O caminho da não-violência pavimenta-se com o diálogo e com a sabedoria de acolher indicações capazes de semear a paz. Passo importante é reconhecer a gravidade do momento atual, acolhendo o que diz o Papa Francisco, em diferentes oportunidades: a humanidade vive uma guerra mundial aos pedaços, produzindo um mundo muito violento. Outros ciclos da história também conviveram com a violência, mas nenhum outro momento da humanidade contou com tantos recursos para se promover o diálogo e, consequentemente, construir a paz. Quando o Papa Francisco adverte para a disseminação da violência de modo fragmentado, “aos pedaços”, aponta para a responsabilidade de todos nesse processo que leva o mundo a muitos sofrimentos -devastação ambiental, terrorismos, criminalidade, tráfico humano, abusos com migrantes, fome e miséria.
Deve-se respeitar o precioso princípio de nunca responder à violência com a violência – para que o ser humano não perca o sentido da vida, gerando morte e sofrimento, especialmente para os idosos, os jovens, os pobres e os doentes. A violência leva à morte física e espiritual. Urgente é cuidar do próprio coração, para que hospede valores relacionados à fraternidade solidária, sem espaço para ressentimentos e rancores, deixando-se curar pela misericórdia.
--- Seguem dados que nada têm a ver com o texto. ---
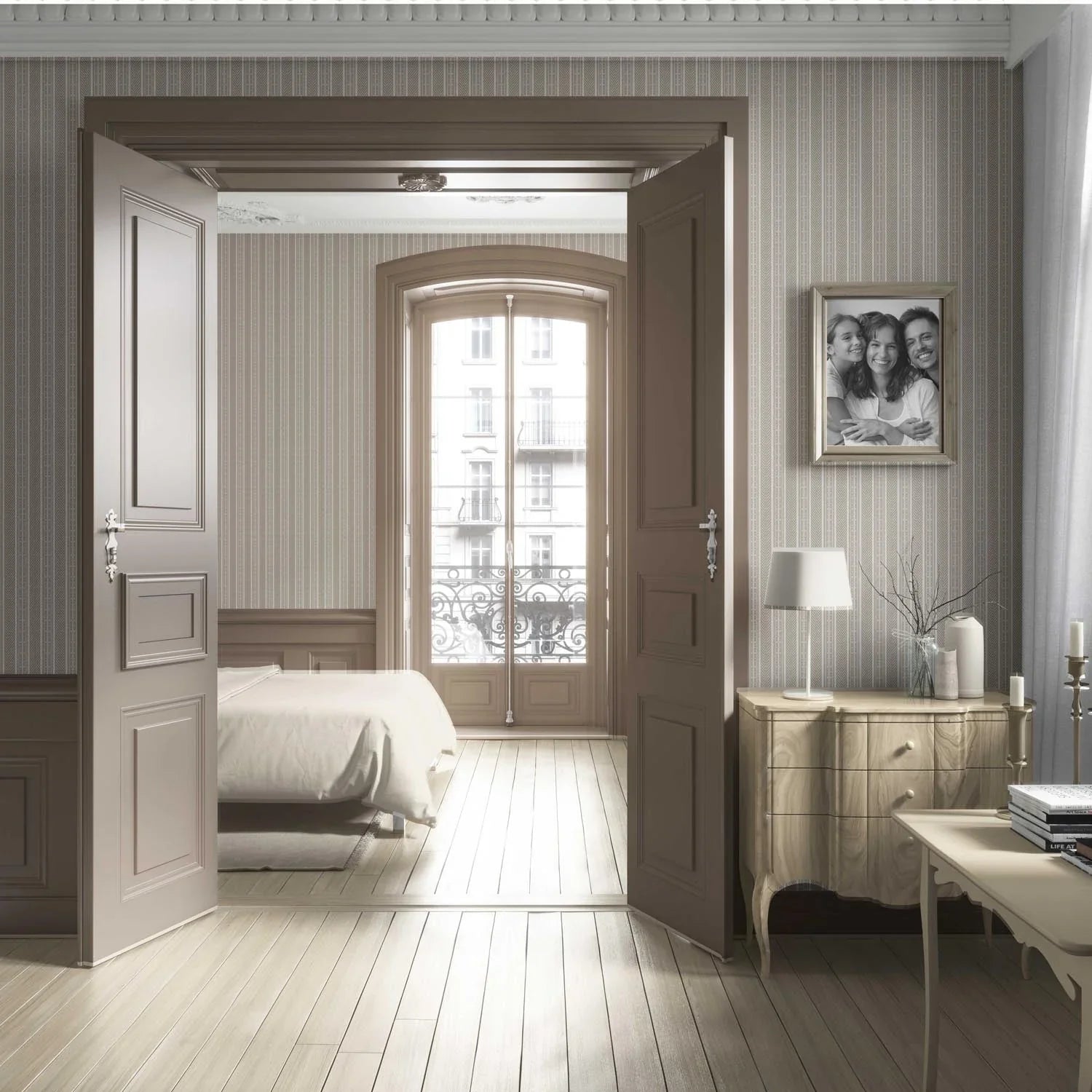 Neutral Geometric Striped Nursery Wallpaper Sample (Beige/ Brown/ Taupe)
Desse modo, combate-se a hostilidade, em conformidade com o que orientava São Francisco de Assis: “A paz que anunciais com os lábios, conservai-a ainda mais abundante no vosso coração”. Em lugar da violência e da injustiça, prevaleça a bondade, que não pode ser confundida com permissividade. A bondade é força mais poderosa que a violência, capaz de convencer o ser humano sobre a importância de estar em harmonia com o seu semelhante. Permite reconhecer limites e investir na reconciliação, levando a resultados surpreendentes.
Todos são convocados a ser obreiros da paz pelo compromisso de defender, incondicionalmente, a vida em todas as suas etapas. Na história, são muitos os exemplos de obreiros da paz que alcançaram resultados impressionantes. Todos são convocados a contribuir para edificar uma sociedade mais pacífica. As comunidades cristãs são especialmente chamadas a ajudar também pela oração – força espiritual que é muito importante para inspirar a paz. Atenção especial e profética relaciona-se ao cuidado com os injustiçados e excluídos da sociedade. Outro necessário cuidado diz respeito ao ambiente doméstico, que precisa ser marcado por gestos de bondade, fazendo com que cada relacionamento contribua com a aprendizagem da tolerância e do respeito. Assim as famílias ajudam a propagar o amor, com seus integrantes buscando superar perspectivas egoístas para se exercitarem na priorização do bem de seus familiares. O ser humano está convocado a buscar estilos de vida que se alicerçam na ética da fraternidade, combatendo a lógica do medo, do fechamento, pautando-se no respeito e no diálogo sincero. Um caminho singelo, da não-violência, essencial à paz.